Specific contractual language often provides a contractor with a remedy when disruptions adversely affect its performance. The FIDIC General Conditions provide in Clause 6.3, Disruption of Progress, the following:
The Contractor shall give notice to the Engineer, with a copy to the Employer, whenever planning or execution of the Works is likely to be delayed or disrupted unless any further drawings or instruction is issued by the Engineer within a reasonable time. The notice shall include details of why and by when it is required and of any delay or disruption likely to be suffered if it is late.
Although the changes clause is typically used when the owner orders additional work, it can be applied to disruption situations that have increased the contractor’s cost of performance as a result of loss of productivity, even though the disruption requires no extra work. Such losses of productivity are not always obvious to an owner because the contractor is usually on the site and appears to be progressing with the work. However, the contractor may absorb the adverse effects of a delay in numerous ways, including having to relocate labor forces, reschedule equipment and/or material allocations, and perform in harsher weather conditions due to an extended job period.
Other compensable disruptions that the changes clause or similar contractual language can adequately address include changes to the drawings or specifications, differing site conditions, and actual or constructive suspensions of work. Although these clauses may provide for compensation, there are frequently administrative preconditions such as notice within a specified period or submission of the claim to the owner’s representative before seeking arbitration or judicial review.

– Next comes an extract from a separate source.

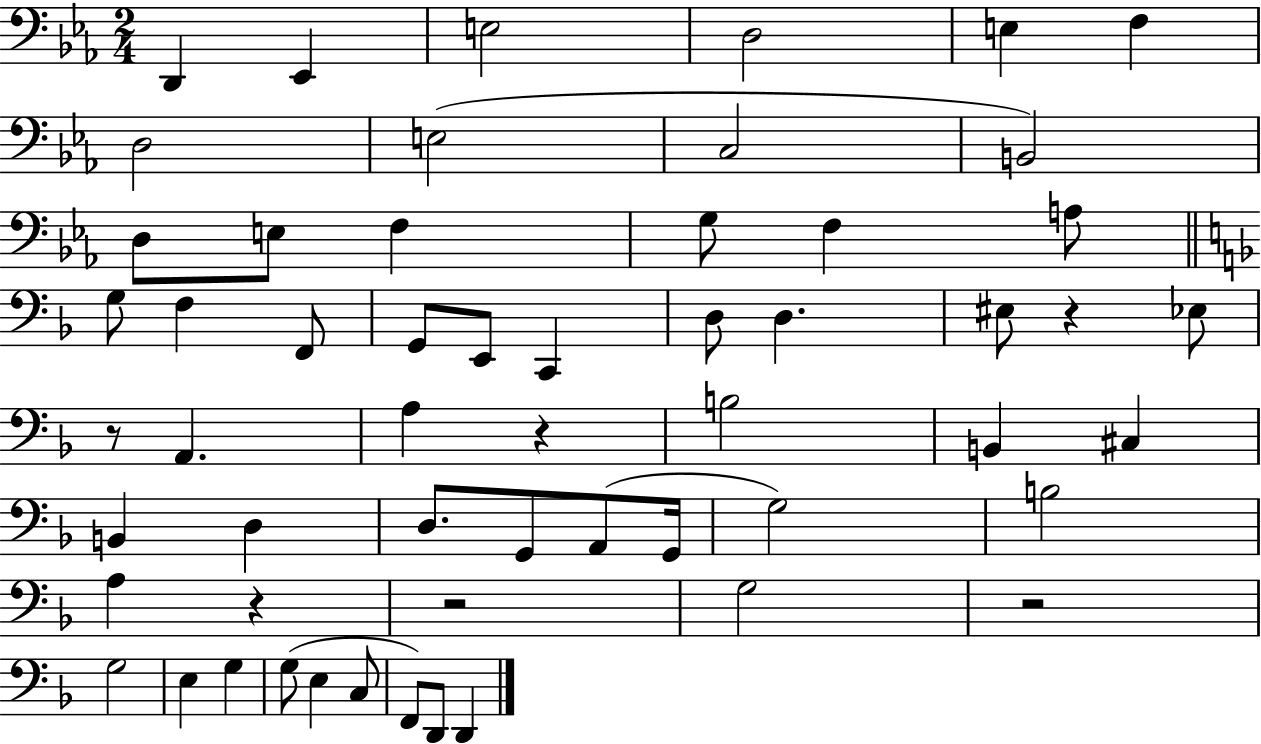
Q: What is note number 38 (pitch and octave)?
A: G3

When the owner refuses to compensate the contractor for such disruptions in accordance with a changes clause or similar contractual stipulation, the contractor may be able to recover its increased costs by asserting that the owner breached either an express or implied obligation of the contract upon which the contractor’s performance depended. An example of an express obligation would be a specific clause stating that it is the owner’s duty to make the site available to the contractor at a certain date. Similarly, a clause that requires a contractor to perform on a specific date may act as a warranty that the jobsite will be available on that date. If the owner subsequently fails to provide timely site access, the contractor may have a breach of contract action against the owner for failing to make the site available by the contractually required date.

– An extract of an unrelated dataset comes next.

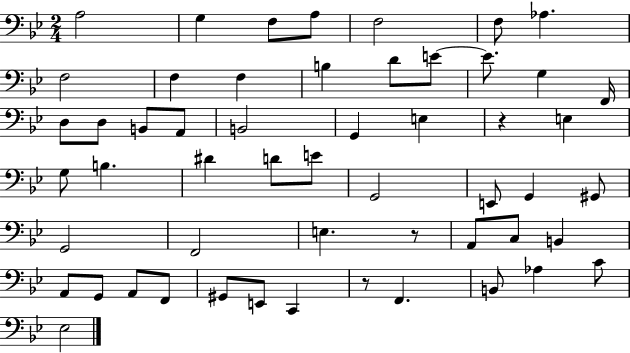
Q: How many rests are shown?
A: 3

In addition to construing parties’ rights under the express provisions of a contract, courts often supplement these express rights with implied rights and obligations, such as the duty not to interfere with the contractual performance of another.
Many cases describe this implied duty and set forth the acts that constitute interference with another’s contract performance, entitling the injured contractor to damages. The following acts have been held to constitute interference with a contractor’s work:
- An owner’s failure to make the work site available when this was within its control;
- The owner’s failure to furnish materials, labor, or information in a timely manner;
- The owner’s failure to remove conditions that restrict but do not deny access to the jobsite.
Another implied duty that may form the basis for a disruption claim is the duty to schedule and coordinate work. For example, if an owner favors one contractor over another or permits one contractor to work in an area where another contractor is supposed to be working, it may face a claim for additional compensation as a result of the disruption caused by the owner’s failure to coordinate the work. Contractually, however, the duty to coordinate work among subcontractors may be shifted to the contractor.
It is extremely important that a contractor whose performance has been disrupted keep accurate records of its increased costs and/or time of performance. It is easy for a contractor to overlook the more obvious disruption costs of a differing site condition or change order because the focus is on additional quantities or duration of work, rather than the impact of the disruption to the overall costs of performance.